PROBLEM TO SOLVE: Once the line containing "WERA WKRĘTAK KRAFTFORM" is found, return it and every line that follows, up to and including the final line of the material, exactly as written.

SOURCE MATERIAL:
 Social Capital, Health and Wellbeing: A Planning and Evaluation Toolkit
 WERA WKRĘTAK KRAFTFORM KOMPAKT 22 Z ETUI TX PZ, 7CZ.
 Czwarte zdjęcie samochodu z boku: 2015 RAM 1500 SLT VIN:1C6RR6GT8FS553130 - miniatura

RESPONSE TO THIS EXERCISE:
 WERA WKRĘTAK KRAFTFORM KOMPAKT 22 Z ETUI TX PZ, 7CZ.
 Czwarte zdjęcie samochodu z boku: 2015 RAM 1500 SLT VIN:1C6RR6GT8FS553130 - miniatura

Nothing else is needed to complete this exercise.